_Activity_. Each line in the records below, from the one that contains "G'day folks, I'm" to the one that contains "So let's get", should be reproduced exactly, the first and last included.

_Data_.
* * *

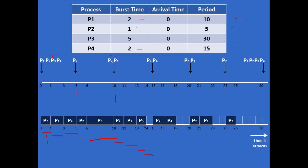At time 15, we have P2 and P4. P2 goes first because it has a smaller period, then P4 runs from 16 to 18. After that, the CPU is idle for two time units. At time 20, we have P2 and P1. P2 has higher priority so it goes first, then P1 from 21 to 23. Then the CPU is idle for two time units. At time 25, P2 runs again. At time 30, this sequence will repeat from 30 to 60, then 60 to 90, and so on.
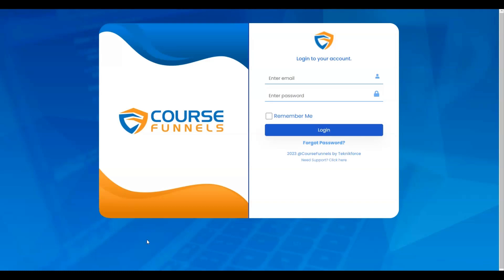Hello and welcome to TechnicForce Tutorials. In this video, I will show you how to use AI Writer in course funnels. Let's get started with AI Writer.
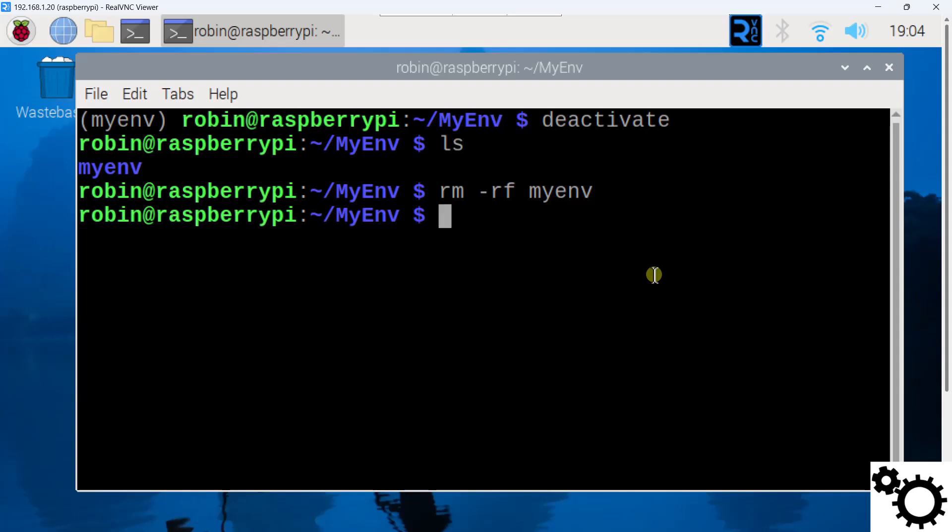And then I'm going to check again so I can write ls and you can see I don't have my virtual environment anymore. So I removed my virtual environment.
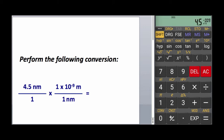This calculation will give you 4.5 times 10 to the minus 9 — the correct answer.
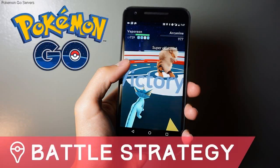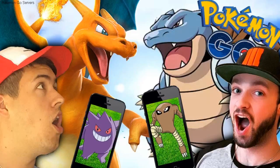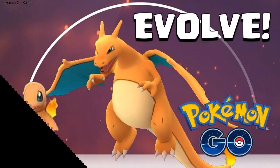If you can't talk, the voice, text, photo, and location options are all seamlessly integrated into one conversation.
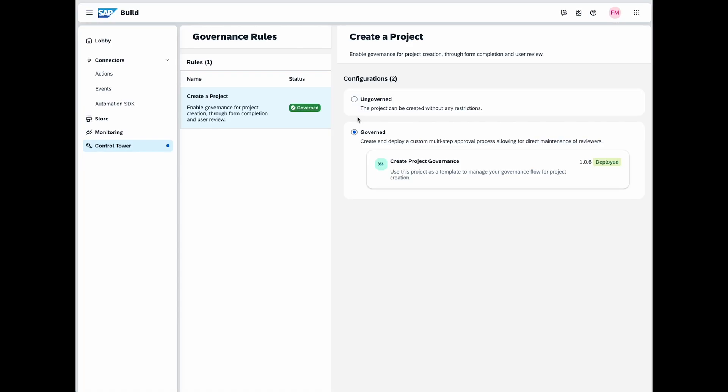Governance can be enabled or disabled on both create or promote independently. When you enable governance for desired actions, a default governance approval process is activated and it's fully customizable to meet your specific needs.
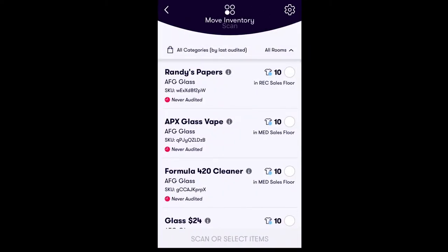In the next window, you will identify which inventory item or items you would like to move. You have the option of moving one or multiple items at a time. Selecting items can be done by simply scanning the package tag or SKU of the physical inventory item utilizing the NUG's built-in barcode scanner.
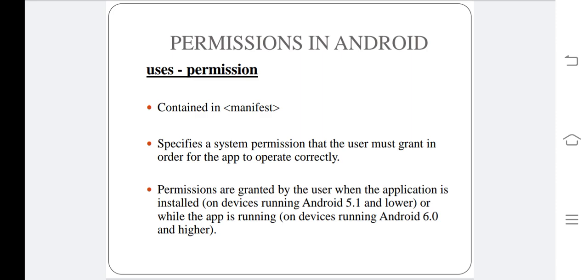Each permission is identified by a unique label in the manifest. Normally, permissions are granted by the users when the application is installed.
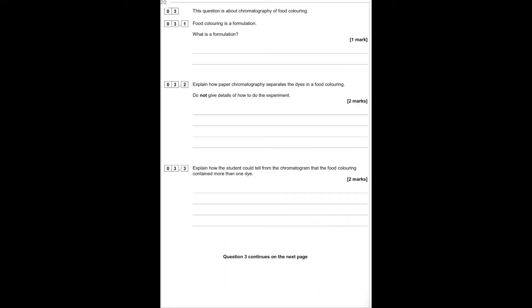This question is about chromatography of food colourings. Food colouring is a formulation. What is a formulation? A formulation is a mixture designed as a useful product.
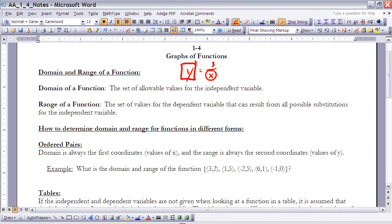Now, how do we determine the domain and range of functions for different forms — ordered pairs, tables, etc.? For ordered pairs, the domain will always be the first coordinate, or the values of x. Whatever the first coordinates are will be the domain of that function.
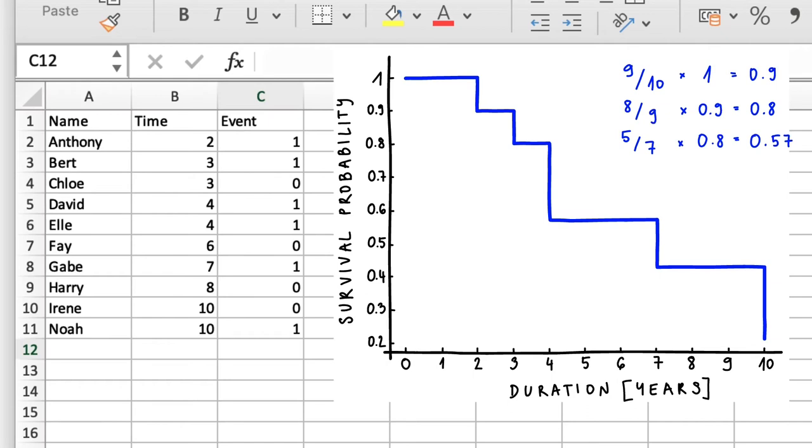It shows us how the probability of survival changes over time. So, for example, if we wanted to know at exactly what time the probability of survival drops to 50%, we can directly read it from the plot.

* * *

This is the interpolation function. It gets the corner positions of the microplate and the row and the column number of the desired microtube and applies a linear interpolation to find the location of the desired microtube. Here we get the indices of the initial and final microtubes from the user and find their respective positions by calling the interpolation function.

* * *

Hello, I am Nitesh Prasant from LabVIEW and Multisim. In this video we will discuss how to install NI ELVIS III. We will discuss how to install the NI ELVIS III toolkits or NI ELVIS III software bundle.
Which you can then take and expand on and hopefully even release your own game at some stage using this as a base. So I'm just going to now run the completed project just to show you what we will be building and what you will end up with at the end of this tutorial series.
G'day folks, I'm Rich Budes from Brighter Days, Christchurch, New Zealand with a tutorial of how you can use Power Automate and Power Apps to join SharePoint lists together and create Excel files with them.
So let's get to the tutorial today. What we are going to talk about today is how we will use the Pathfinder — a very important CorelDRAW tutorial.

* * *

_Answer box_.
G'day folks, I'm Rich Budes from Brighter Days, Christchurch, New Zealand with a tutorial of how you can use Power Automate and Power Apps to join SharePoint lists together and create Excel files with them.
So let's get to the tutorial today. What we are going to talk about today is how we will use the Pathfinder — a very important CorelDRAW tutorial.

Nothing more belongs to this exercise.